Contudo, o trânsito em julgado de qualquer sentença é sempre interrompido se houver um recurso com efeitos suspensivos.
É precisamente isso que acontece no presente caso. A defesa de Augusto Tomás, antes do trânsito em julgado da decisão do Tribunal Supremo, interpôs um recurso extraordinário para o Tribunal Constitucional.
Aqui a lei é clara e expressa. Este género de recurso tem efeito suspensivo. Transcrevo as normas da Lei do Processo: “Artigo 52.º: 1. À tramitação do recurso extraordinário de inconstitucionalidade das sentenças previstas na alínea a) do artigo 49.º da presente lei são aplicáveis as disposições contidas na secção anterior.” Na secção anterior tem relevo o artigo 44.º, que determina: “A interposição do recurso ordinário de inconstitucionalidade: a) tem efeito suspensivo.”
Da conjugação do artigo 52.º com o artigo 44.º da Lei do Processo Constitucional resulta que o recurso extraordinário de sentenças tem o mesmo regime do recurso ordinário, isto é, tem efeito suspensivo.
E o que é o efeito suspensivo? Quando existe efeito suspensivo a decisão impugnada tem os seus efeitos adiados assim que interposto o recurso, qualidade essa que perdura até que transite em julgado a decisão sobre o recurso. Quer isto dizer o seguinte, se existe um recurso extraordinário de inconstitucionalidade da decisão que condenou Augusto Tomás a pena de prisão, essa decisão de condenação fica adiada e não produz efeitos até o Tribunal Constitucional decidir. O efeito suspensivo evita que a decisão recorrida seja executada, não pode ser aplicada à pessoa em causa.
Vamos concretizar, se Augusto Tomás foi condenado pelo Tribunal Supremo a uma pena de prisão a 2 de Dezembro, há um prazo durante o qual esta decisão não transita em julgado e em que pode ser feito um recurso extraordinário para o Tribunal Constitucional, que tem efeito suspensivo. Havendo este recurso, o efeito da condenação fica suspenso e não se pode considerar que Augusto Tomás está a cumprir pena. Nessa medida, tendo passado o prazo da prisão preventiva, o arguido tem de ser libertado até o Tribunal Constitucional decidir, e só nessa altura poderá ser preso novamente e começar a cumprir pena.
Portanto, o Tribunal Constitucional tomou uma decisão contra a lei expressa dos artigos 52.º e 44.º da Lei do Processo Constitucional.
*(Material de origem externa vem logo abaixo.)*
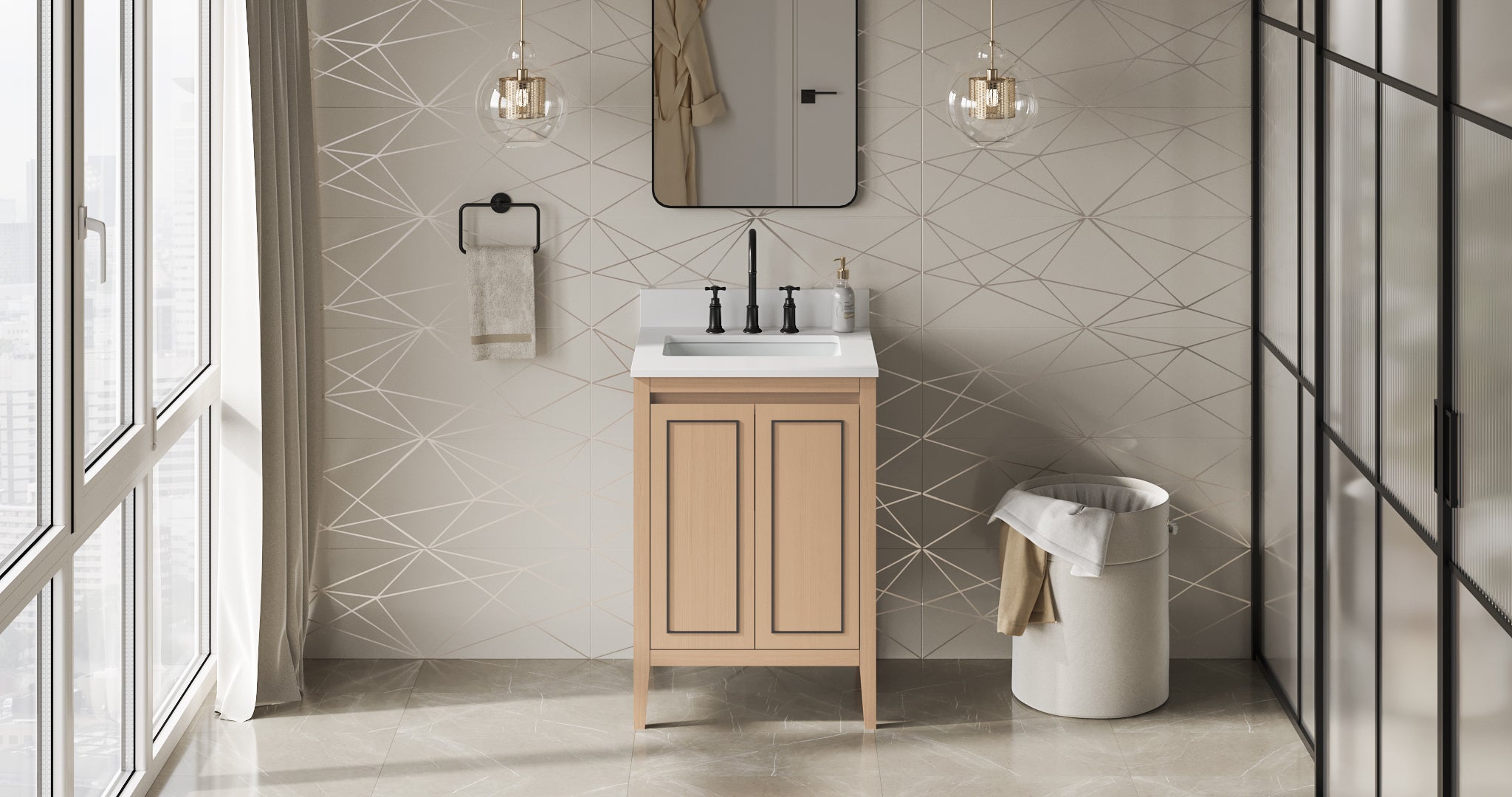 Percival 24" Single Bathroom Vanity Set Natural Oak, White Quartz Vanity Top, Rectangle Bowl | KitchBath
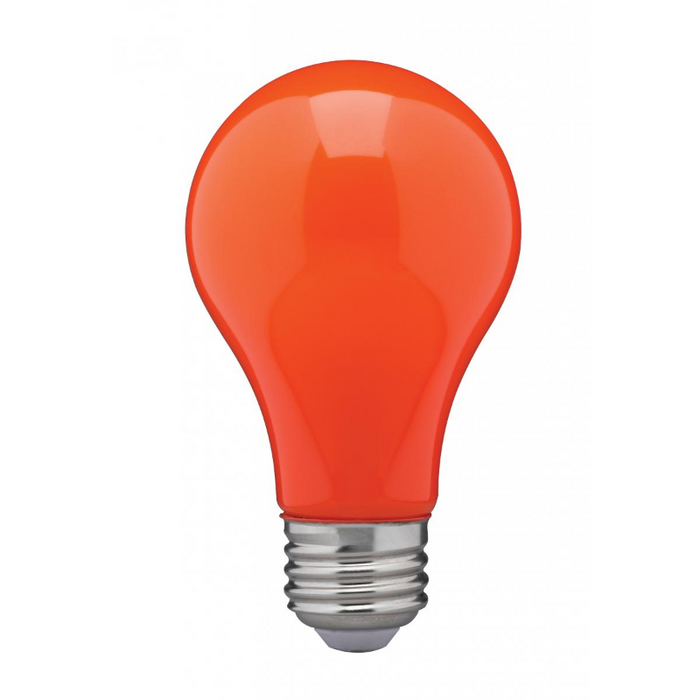 Satco S14988 8W A19 LED Color Bulb, Dimmable, Orange, 6-Pack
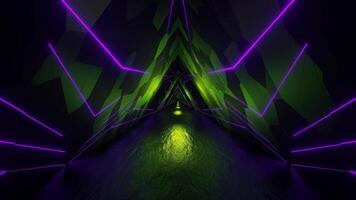 limoen en Purper driehoekig neon gloed tunnel achtergrond vj lus video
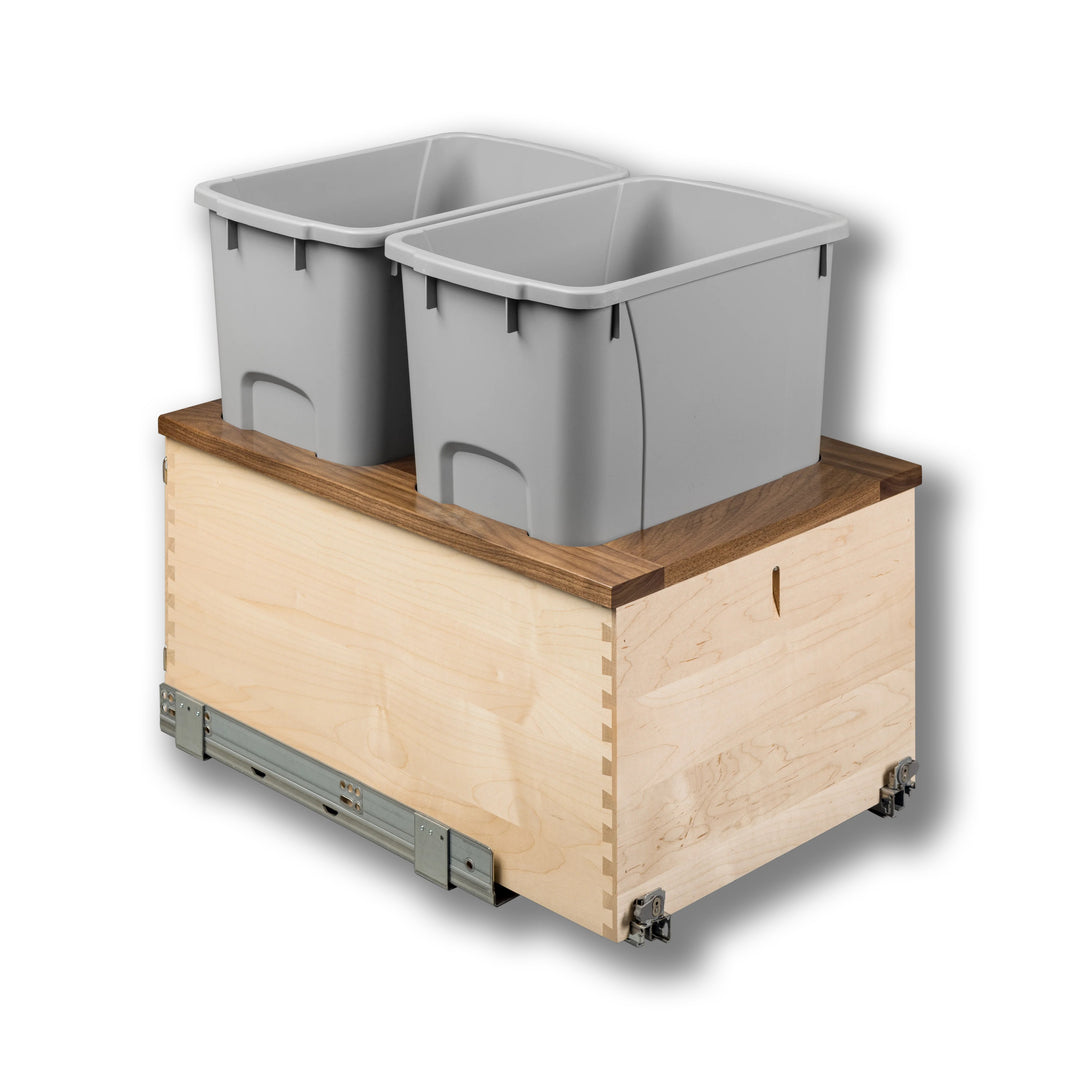15" Walnut Creek Double 34 Quart Bottom Mount Waste Container in maple and walnut, studio view 6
Esta problemática demonstra o que temos defendido: não é possível combater com eficácia a corrupção com a presente organização judiciária, com a presente lei processual e com a presente lei substantiva. Para se ter êxito, como todos desejamos, tudo deve ser mudado.
Não se combate a corrupção de José Eduardo dos Santos com as leis de José Eduardo dos Santos, os procuradores de José Eduardo dos Santos e os juízes de José Eduardo dos Santos. É impossível!